Suena el timbre advirtiendo la llegada de la abuela. Los pequeños están preparados para seguirla en la ronda de repartición escolar. El bebé les acompaña en su carrito rojo. Silvia se despide apresurada de todos con un beso fugaz. La prisa apremia, ya habrá tiempo para cariños. Con la solitaria tranquilidad Silvia termina de prepararse. Se perfila de negro ambos ojos y escoge un fuerte carmín para los labios. 

Mira el reloj, ¡es tardísimo!. Da un portazo y sale. Va muy retrasada. El ascensor se detiene en varios pisos. Su pierna derecha se mueve sin control. “Vamos vamos” piensa intranquila. Se abre la puerta. Sale lanzada.  Anda a saltos. Esquiva transeúntes. Corre. Cruza. Gira. 
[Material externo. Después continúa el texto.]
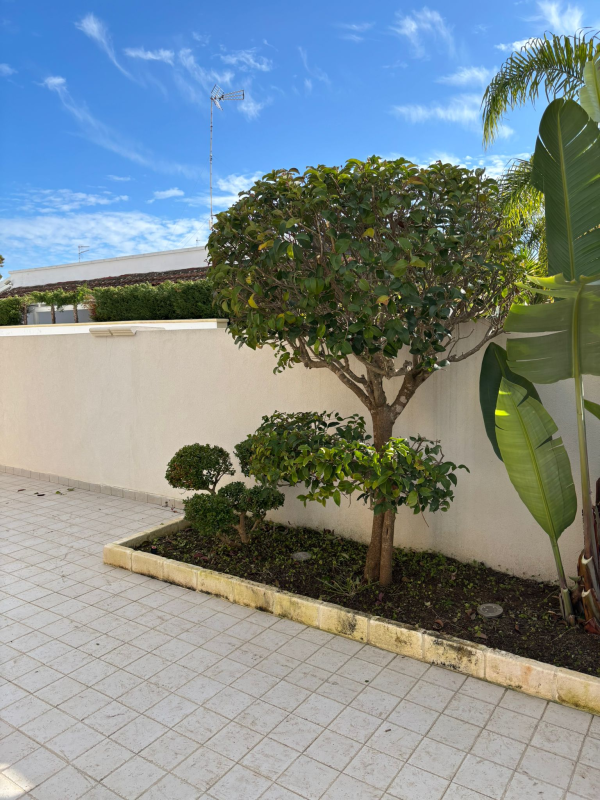 Images Linea Verde di Marrocco Pantaleo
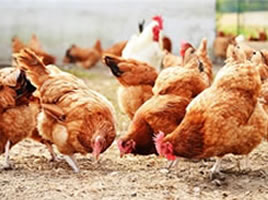 Poultry test kits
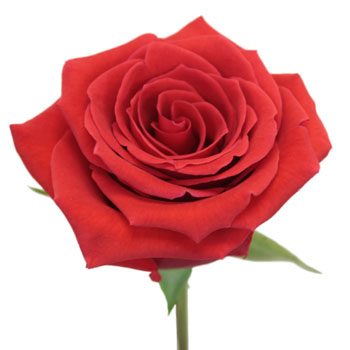 Ninas Love Red Rose
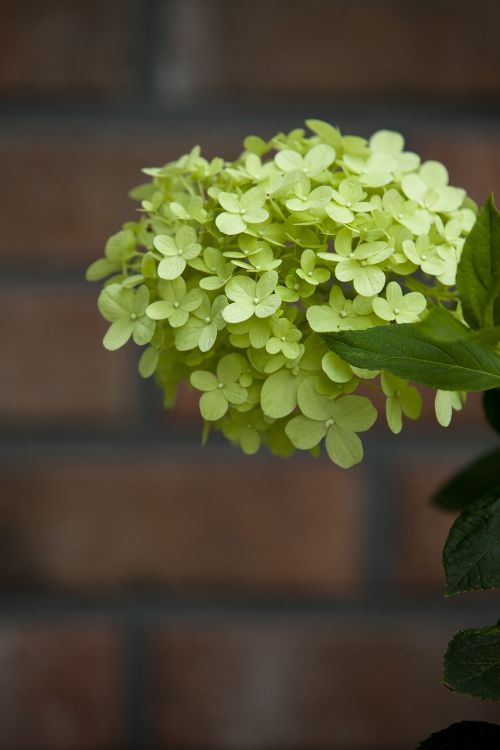 summer summer flowers flowers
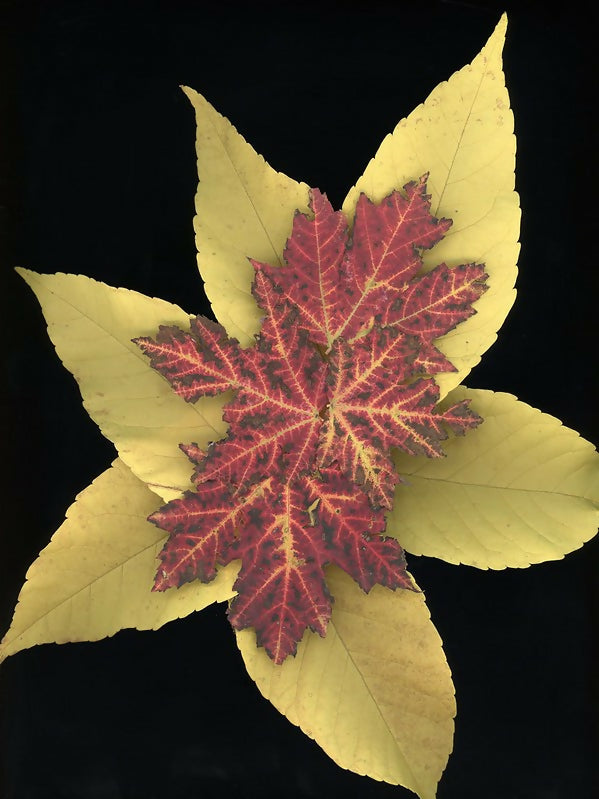 Leafstar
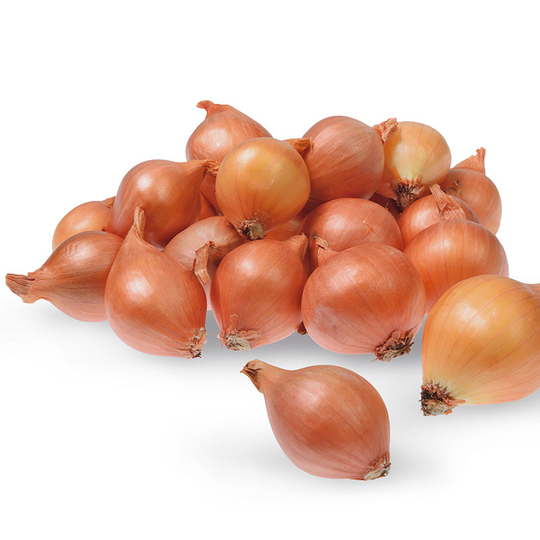 Schalottenlök 'Yellow Moon', sättlök 250g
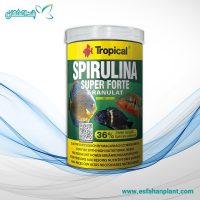 غذا ماهی Tropical Spirulina Super Forte Granulat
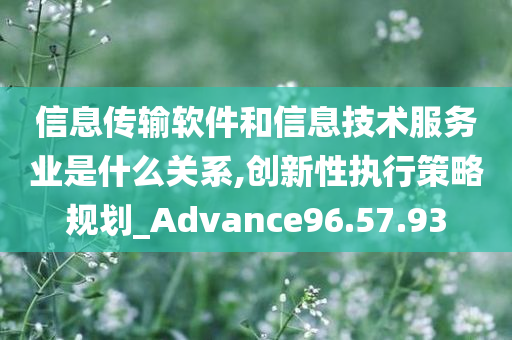 信息传输软件和信息技术服务业是什么关系,创新性执行策略规划_Advance96.57.93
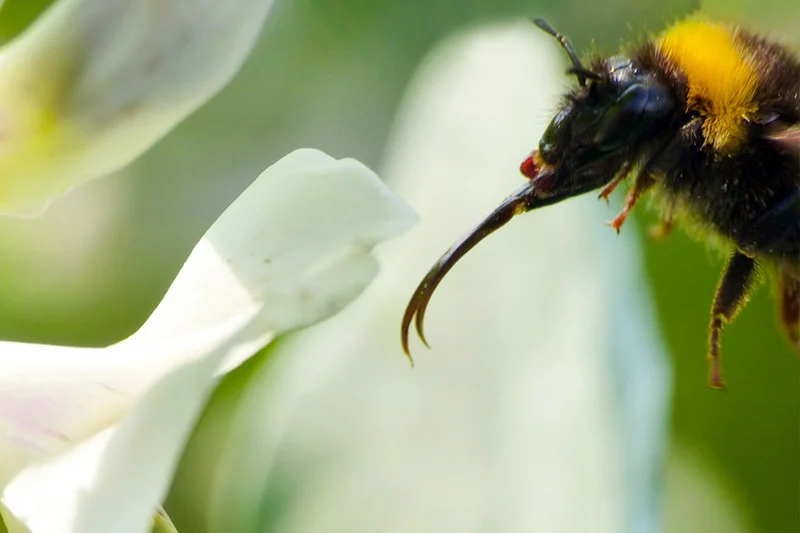 Hummel an Ackerbohne, Klick führt zu Großansicht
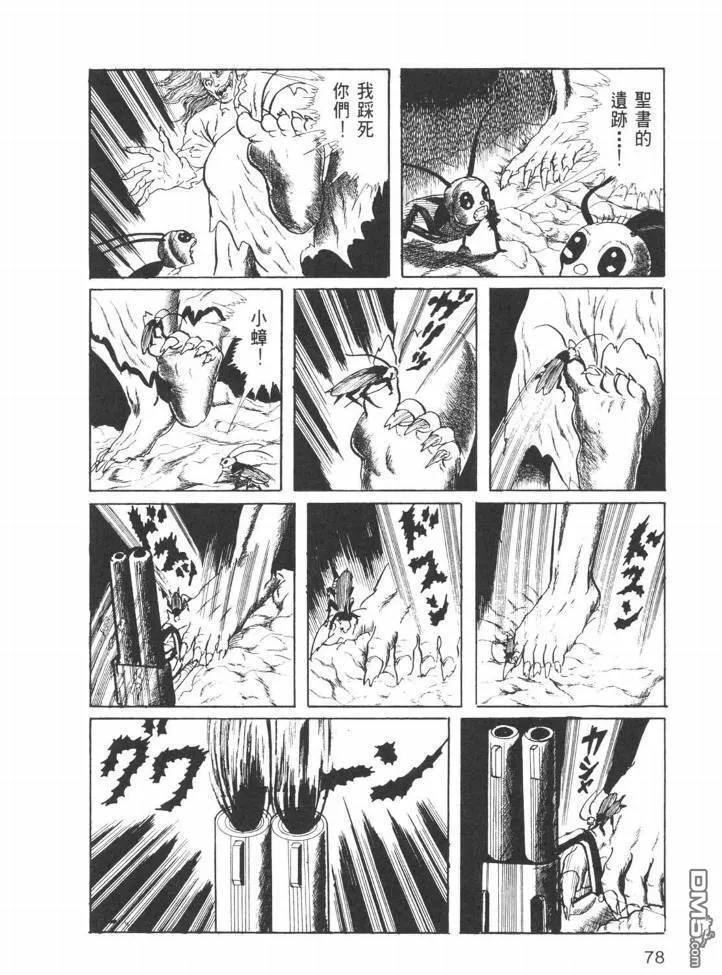 第26卷 第75页
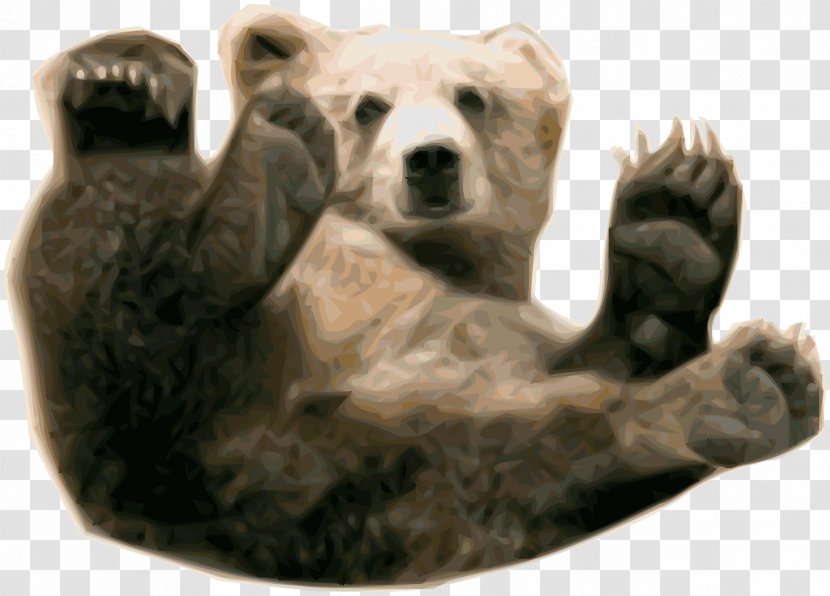 Polar Bear Brown Grizzly - Display Resolution Transparent PNG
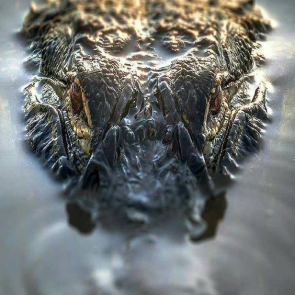 alligators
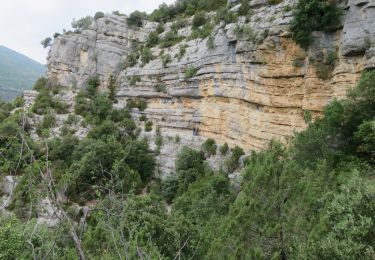 Trail Walking La Palud-sur-Verdon - VERDON: SENTIER DU BASTIDON - Photo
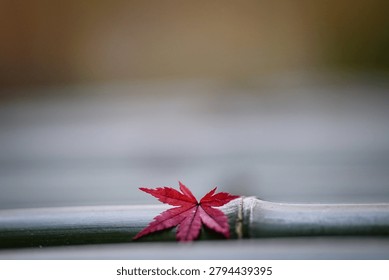 A single red maple leaf resting on a green bamboo stalk during the autumn season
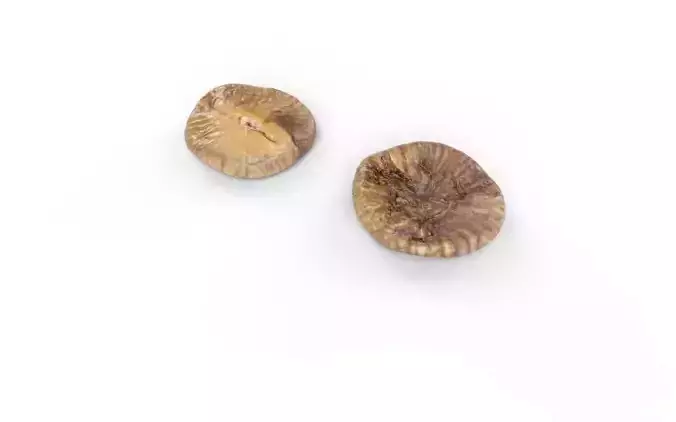 Fig M03 Low-poly 3D model 6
Al fin llega a la estación y se cruza con caras diarias. No se da cuenta está centrada en llegar. El trabajo está al otro lado de la ciudad y aún le queda mucho. Baja al andén. Hay un tren detenido. Justo antes que cierre sus puertas aborda el primer convoy. Está colapsado. Es hora punta y no cabe nadie. El corazón está acelerado y siente mucho estrés. Mira constantemente el reloj esperando el momento para avisar en el trabajo. De pie, a su lado, un hombre de mediana estatura y mochila negra transpira inquietamente. Mira de nuevo la hora, quiere confirmar que apenas va con 10 minutos de retraso. Son las 7:37 a.m. en Atocha y todo se hace oscuro. El estrés se desvanece vertiginosamente. No entiende que sucede. Entra en shock. Tan sólo la imagen de sus 4 hijos aparece entre tanta tiniebla como un sosiego. Siente el frío en su cuerpo. Sólo ahora comprende que aquel beso fugaz que esquivó la podría haber salvado. Jamás llegará a tiempo al trabajo y nunca habrá importado tan poco.